SBI Life Insurance Chief Investment Officer Gopikrishna Shenoy believes that the Indian equity market looks more attractive than debt. He is overweight on automobiles, consumer discretionary, capital goods & engineering, defence, utilities and building materials. Excerpts of an interaction:

Which of the Indian markets — debt or equity — look more attractive for 2018? Why?

In the last three years, Nifty has given returns CAGR of 7.6 per cent, compared to the composite bond index returns of 8.9 per cent.

The recent uptrend in CPI (last reported at 4.88 per cent) and improving growth outlook (last reported GDP at 6.3 per cent), have reduced the likelihood of an interest rate cut in the near future. Oil prices inching up have added to debt market woes. Improving growth outlook in terms of earnings would make equity markets look relatively attractive.

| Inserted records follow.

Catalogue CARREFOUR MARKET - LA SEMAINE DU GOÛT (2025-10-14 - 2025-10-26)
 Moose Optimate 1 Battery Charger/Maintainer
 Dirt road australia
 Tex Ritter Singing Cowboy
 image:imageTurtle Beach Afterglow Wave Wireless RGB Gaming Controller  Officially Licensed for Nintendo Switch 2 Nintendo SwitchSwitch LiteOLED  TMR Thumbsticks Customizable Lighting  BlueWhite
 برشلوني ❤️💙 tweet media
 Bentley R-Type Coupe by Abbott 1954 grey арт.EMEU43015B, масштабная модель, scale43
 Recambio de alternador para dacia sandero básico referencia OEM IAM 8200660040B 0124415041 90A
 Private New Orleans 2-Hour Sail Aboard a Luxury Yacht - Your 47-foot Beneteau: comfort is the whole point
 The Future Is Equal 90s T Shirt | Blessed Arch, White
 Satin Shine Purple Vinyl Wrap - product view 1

How is your equity portfolio divided between large-, mid- and small-caps? Why? Will there be any change in the equity mix?

Seventy-nine per cent of our equity portfolio (22 per cent of total assets under management worth ₹1.1 lakh crore) is in large-caps. We like large-caps on account of transparency and governance. It has also to do with controlling risk for a portfolio.

Twenty-one per cent of our portfolio is in mid-caps. We continue to be selective in our mid-cap investments. Mid-caps showing strong earnings potential continue to be our preferred investments.

What is your view on Indian equity markets for 2018?

We have seen earnings picking up and this quarter has seen more upgrades than downgrades in stocks. The quality of earnings has also shown improvement across the spectrum. Earnings growth is expected to be in excess of 15 per cent for the next two years. We should see equity markets trend higher as this plays out.

Are you bothered about Gujarat elections’ outcome from the markets perspective?

Not really. We see Gujarat elections as a precursor to what policies can be adopted by the government.

Which are your favourite sectors and what is least preferred? Why?

We are playing consumption themes such as Make in India, retail and construction. We are overweight on automobiles, consumer discretionary, capital goods & engineering, defence, utilities and building materials. We have been underweight on telecom, IT services and PSU banks.

What are the global and domestic risks and opportunities?

Global risks emerge out of crude oil prices moving up sharply and global liquidity drying with the US Fed unwinding its balance sheet. US tax reforms could result in dollar strengthening. Rate hikes in the US and other parts of the world would unwind the carry trade.

Domestic risk to market, especially mid-caps, is continuity in strong domestic inflows in case market corrects sharply. Some State elections in 2018 and results of Gujarat State election will add to volatility.

Improving global growth would benefit domestic exporters. GST-led efficiency gain is clearly helping companies shore up earnings. More savings in the form of financial assets is a big opportunity.